4.4. Il Collegio reputa invece fondati i profili di censura afferenti l’assenza di congruità nella ponderazione dei ruoli, attribuiti dalla stessa Autorità, ai soggetti coinvolti nel procedimento.

Fermo restando quanto in precedenza osservato circa la rilevanza della dimensione economica degli operatori ai fini dell’individuazione di una sanzione avente idonea efficacia deterrente, l’Autorità non ha però tenuto conto del fatto che, nella consumazione dell’illecito la condotta omissiva di Telecom è stata senza dubbio subvalente rispetto alla condotta attiva del provider , che ha realizzato e diffuso il messaggio, da ciò derivando l’incongruenza di un importo base, superiore a quello in concreto inflitto alla società Z.

Sebbene, infatti, nel provvedimento impugnato, si dia genericamente atto dello “specifico ruolo” svolto da Telecom, rispetto al Content Provider , non vi è stata, però, alcuna concreta analisi del diverso apporto partecipativo alla realizzazione della pratica scorretta in esame.

Il Collegio rileva peraltro che la giurisdizione del giudice amministrativo sul profilo sanzionatorio inerente all’accertamento di pratiche commerciali scorrette, a differenza che nella materia antitrust , non si estende al merito, sicché il Tribunale può solo annullare in tutto o in parte l’atto, ma non anche modificare lo stesso relativamente all’entità della sanzione dovuta.

Infatti, mentre l’art. 23 della l. n. 689/1981 (il cui undicesimo comma attribuisce al giudice il potere di modificare l’atto impugnato anche limitatamente all’entità della sanzione dovuta) è applicabile ai procedimenti antitrust in virtù del richiamo contenuto nell’art. 31 l.n. 287/1990, l’art. 27, co. 13, d.lgs. 206/2005, nel devolvere alla giurisdizione esclusiva del giudice amministrativo i ricorsi avverso le decisioni adottate dall’Autorità, stabilisce che per le sanzioni amministrative pecuniarie conseguenti alle violazioni del decreto si osservano, in quanto applicabili, alcune norme della l. n. 689/1981, ma tra queste non indica il citato art. 23.

La misura della sanzione da irrogare a Telecom pertanto, dovrà essere rideterminata dalla stessa Autorità, nel suo importo base, in esecuzione della presente sentenza.

4.5. Per completezza, appare opportuno anche esaminare il profilo di doglianza relativo alle “circostanze aggravanti” ravvisate dall’Autorità, e consistenti nella valenza dei “precedenti” in materia di pubblicità ingannevole (essendo la società ricorrente incorsa in numerose infrazioni di tale normativa).

Al riguardo, osserva il Collegio che, secondo il più volte citato art. 11 della l. n. 689 del 1981, la sanzione deve essere rapportata, tra l’altro, alla “personalità” dell’agente, alla cui ricostruzione, per consolidata giurisprudenza, concorrono appunto anche gli illeciti afferenti al settore genericamente interessato dalla violazione ascrittagli (così, ad esempio, Cass., sez.
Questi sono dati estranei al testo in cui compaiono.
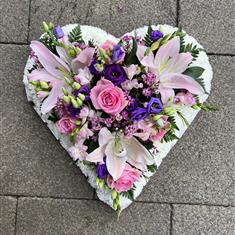 Pink Lilly And Rose Heart Tribute 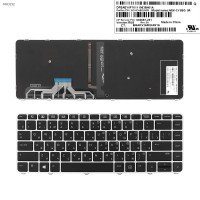 Клавиатура для HP EliteBook Folio 1040 G3, RU, (черная с серой рамкой, с подсветкой, Original)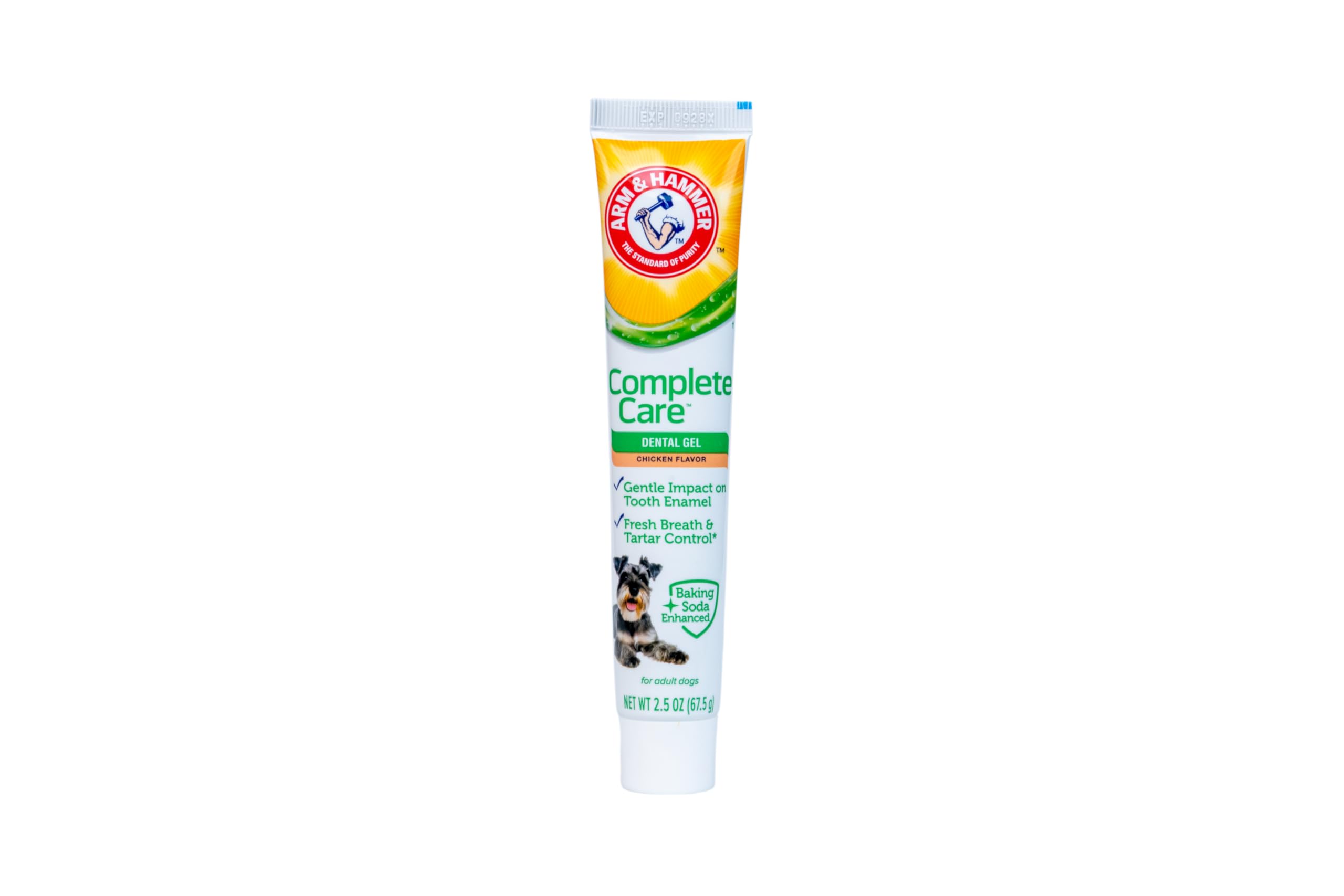 Arm & Hammer Complete Care Dental Gel, Gel-Style Dog Toothpaste - Fresh Breath, Tartar Control, Gentle on Enamel, Fluoride Free - Baking Soda Enhanced Dental Dog Supplies, Chicken Flavor, 2.5oz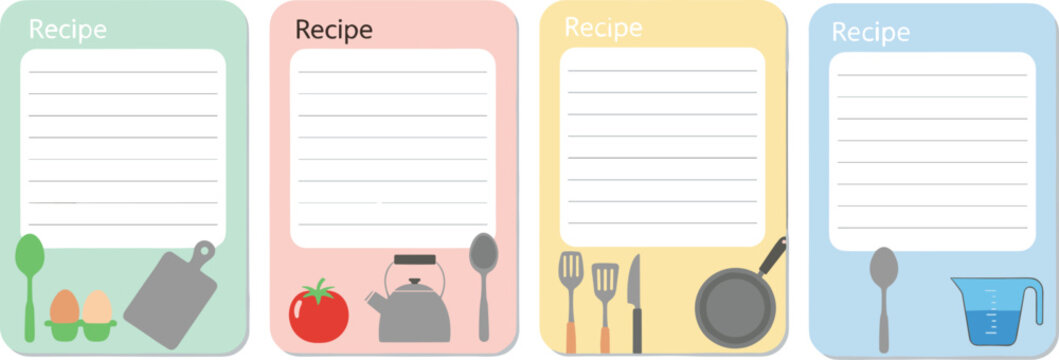 Set of colorful recipe card templates vector illustration featuring kitchen tools and ingredients for meal planning cooking instructions and cookbook organization projects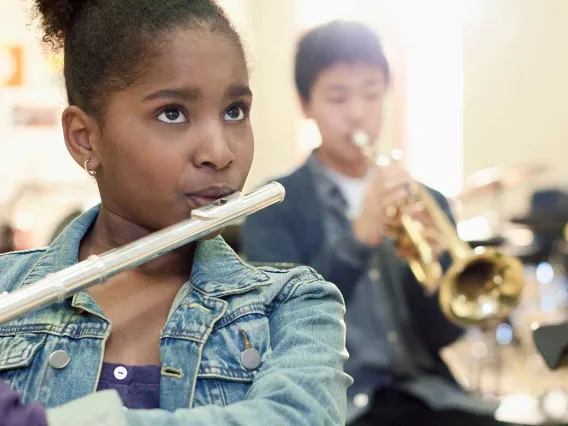 Girl playing flute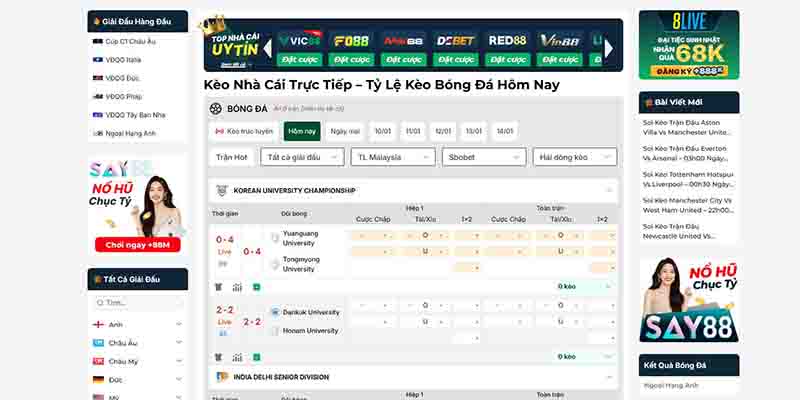 Giao diện hiển thị tỷ lệ kèo nhà cái với cột chấp, tài xỉu và tỷ lệ trả thưởng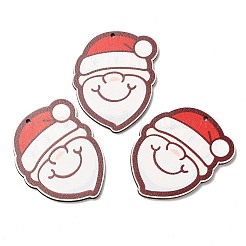片面プリントウッドビッグペンダント  クリスマスチャーム  サンタクロース  55x45x2.5mm  穴：2mm&nbsp;WOOD-D025-08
I^, 28 maggio 1990, n. 4970).

L’applicazione di “circostanze aggravanti” si appalesa pertanto corretta, e delle stesse dovrà tenersi debitamente conto nella rideterminazione della sanzione.

5. In definitiva, per quanto appena argomentato, il ricorso deve essere accolto limitatamente alla determinazione della sanzione.

Sussistono quindi giuste ragioni, considerato l’esito complessivo della controversia, per disporre l’integrale compensazione tra le parti delle spese di lite.